За зарослями терновых кустов — ложбинка. Травы там в пояс, цветами луговыми, яркими, нелинялыми от края до края вышиты. В многоцветье белых ромашек, розовых звездочек и синих колокольчиков — море травинок; длинных и тонких, как лучики солнца, круглых, как капли росы, узорных, причудливо-неповторимых... Перемешались в густой ковер горошек и клевер, устлала землю от горизонта до крутояра душистыми зонтиками кашка.

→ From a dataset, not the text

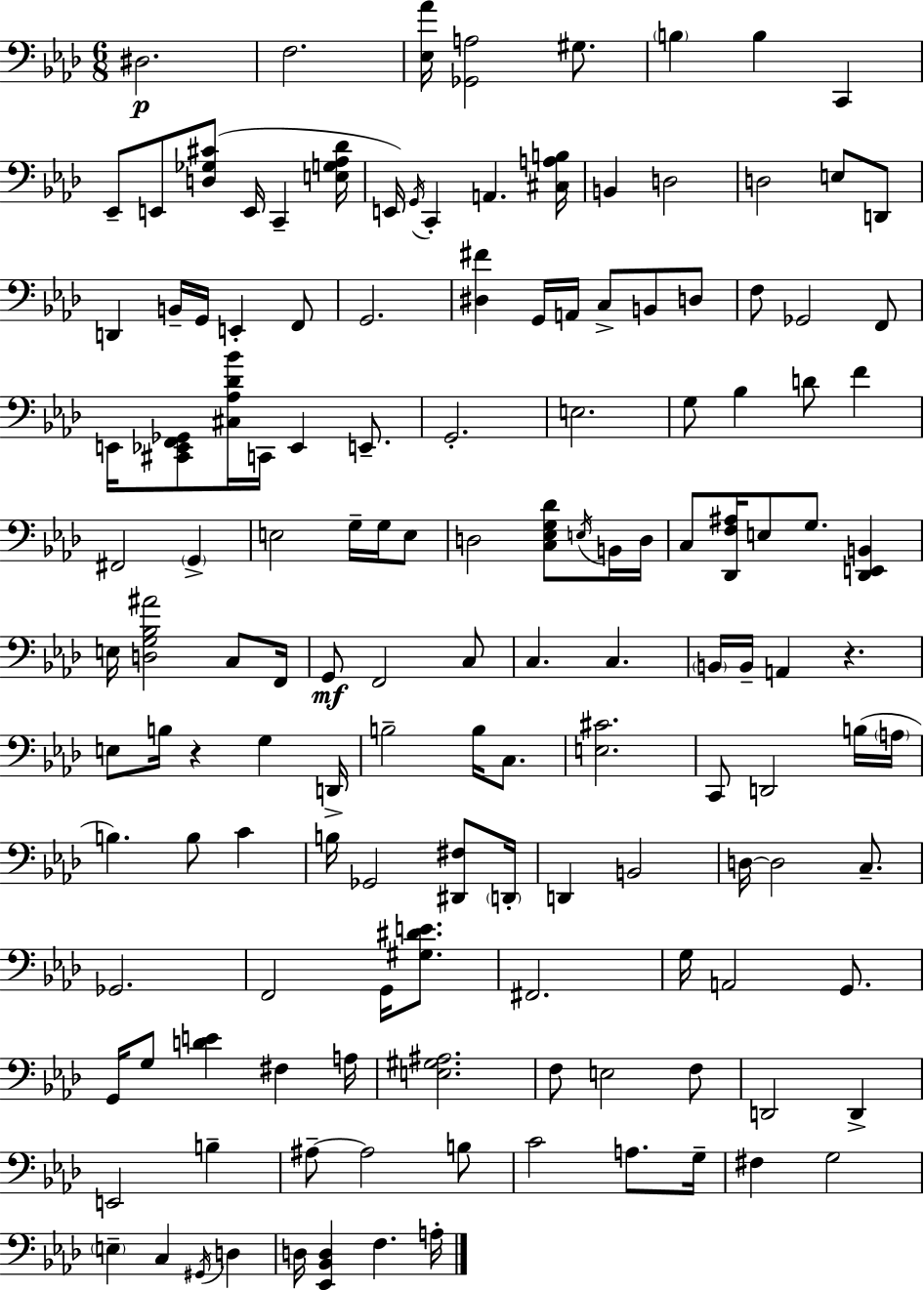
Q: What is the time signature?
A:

А чуть далее, по самому гребешку склона, уронил май розово-сиреневые, густо-желтые, нежно-кремовые бусы — луговые ирисы. Зацвели они, горделиво вскинув коронованные, на тонких шейках головки, в самую Пасху, схожие с безмятежным счастьем, с непорочною первой любовью...

Анна, укрытая стеной белых соцветий, лежит на донышке лога почти нагая. Глаза — два прудика, залитых слезами. Без единого всхлипа из-под качнувшихся ресниц катится к вискам два ручейка. Теплые капельки сбегают до пшеничного завитка у самого уха, падают одна за другой на зеленый стебель, на миг замирают на глянцевой ладошке листа и, чуть заметно колыхнувшись от собственной тяжести, сползают на песчаную землю. И ни следа от них, ни напоминания.

А над белыми облаками цветущего терна плывет голубой дымок — рядом с ней, устремив в неотмир-ную даль невидящие глаза, молчит и курит сигарету за сигаретой свет ее очей, ее боль и отрада, муж Александр. Оба хороши собой и молоды. Но его не по летам суровое лицо со сдвинутыми на переносице бровями и угрюмым взглядом кажется намного старшим.

Анна не скажет ему ни слова. Иначе как те слова вымолвить, чтоб не задохнуться от обиды, не умереть со стыда. Нет, промолчит она. Прикусит вот так, до боли, губы, чтоб алая струйка смешалась вместе с прозрачной слезинкой и ушла бесследно в песок. А с нею и ее беда.

А беда-то, вот она — легка на помине. Совсем недавно, на страстной неделе, обмолвилась соседка: дескать, гляди за мужем получше, а то как бы чего не случилось. И так нехорошо тогда стало на душе у Анны, так тягостно. А расспросить, почто так говорит, не посмела. Перед мужем совестно, перед собой стыдно.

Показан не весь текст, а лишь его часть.